Image-caption web data:
##############################

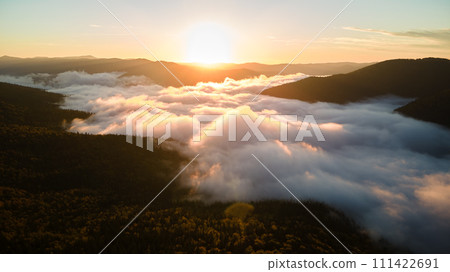 Aerial view of bright foggy morning over dark mountain forest trees at autumn sunrise. Beautiful scenery of wild woodland at dawn 111422691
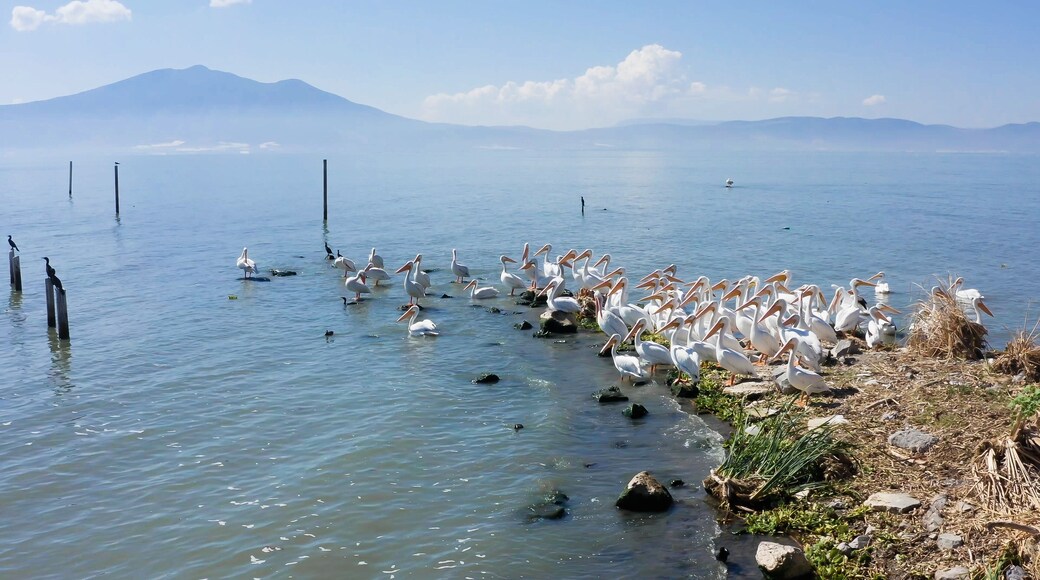 Amazing shot of the pelicans in the Chapala´s Lake. the lake is covered with fog and pelicans are resting on the lake shore, in the background there is a mountain and some clouds in the sky.
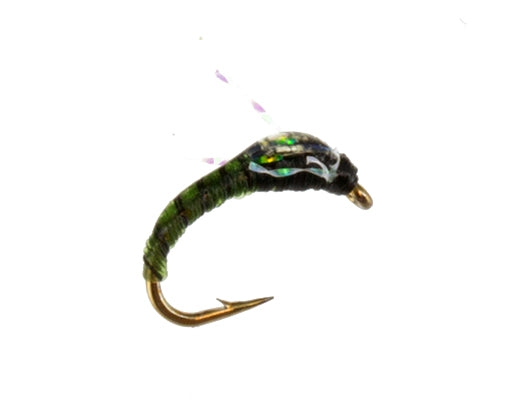 JoJo-Baetis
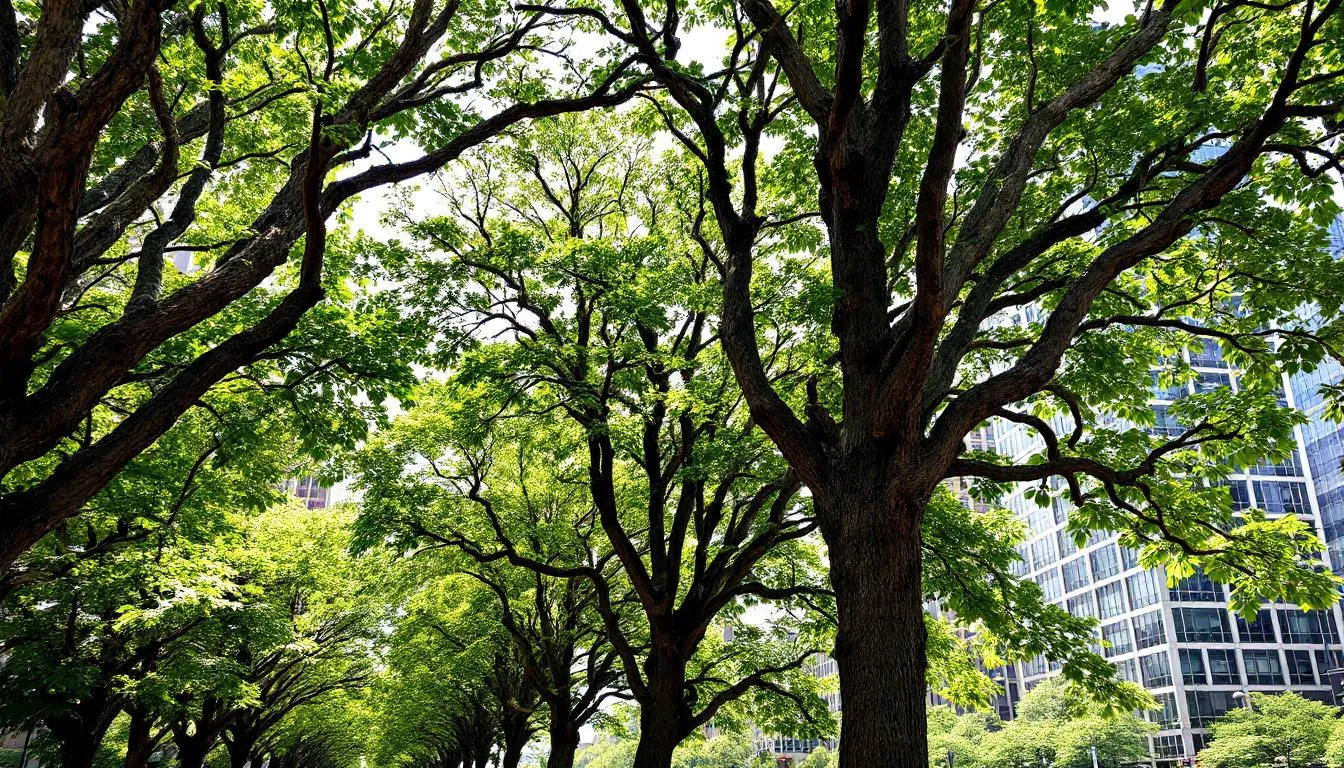Pourquoi les villes ont-elles besoin de plus d’arbres ?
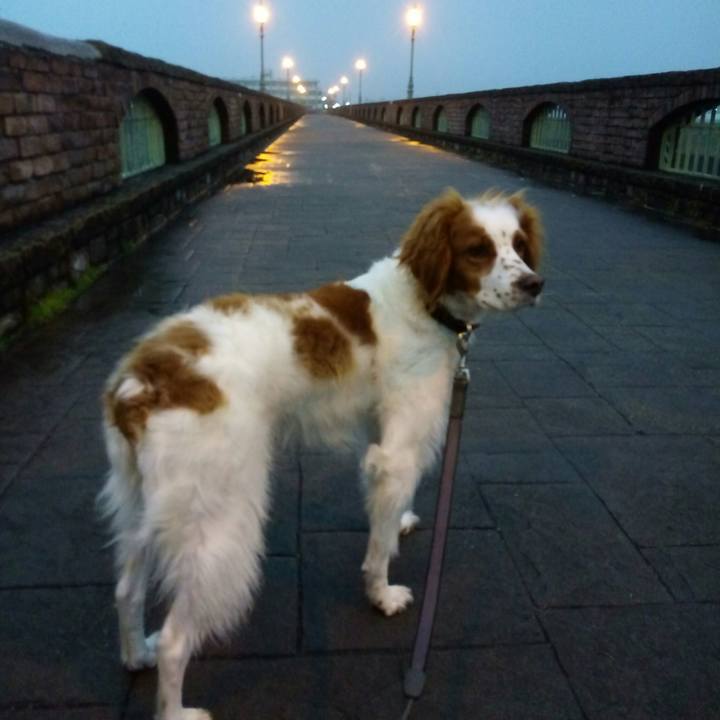 Ccc9e73d a692 4558 a53e a30f8fdb9c56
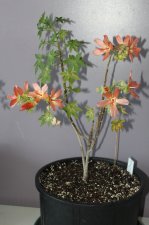 IMG_8573.JPG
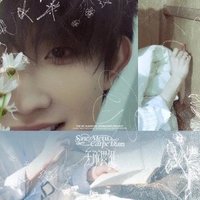 首張實體專輯《無所畏懼》 FEARLESS.VER 專輯 手辦款-蘇新皓版
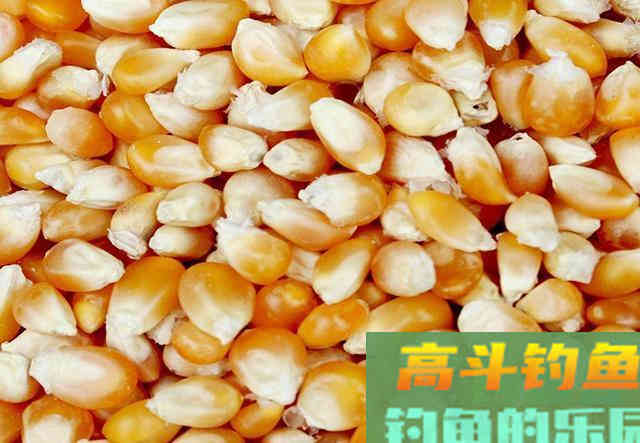 小伙自制钓鱼窝料，花了200块买了40斤原料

##############################

● **What to work on**: Copy the lines starting at the line that contains "Pourquoi les villes" and running to the final line of the entries, inclusive; omit all pictures.

● **Task output**:
Pourquoi les villes ont-elles besoin de plus d’arbres ?
 Ccc9e73d a692 4558 a53e a30f8fdb9c56
 IMG_8573.JPG
 首張實體專輯《無所畏懼》 FEARLESS.VER 專輯 手辦款-蘇新皓版
 小伙自制钓鱼窝料，花了200块买了40斤原料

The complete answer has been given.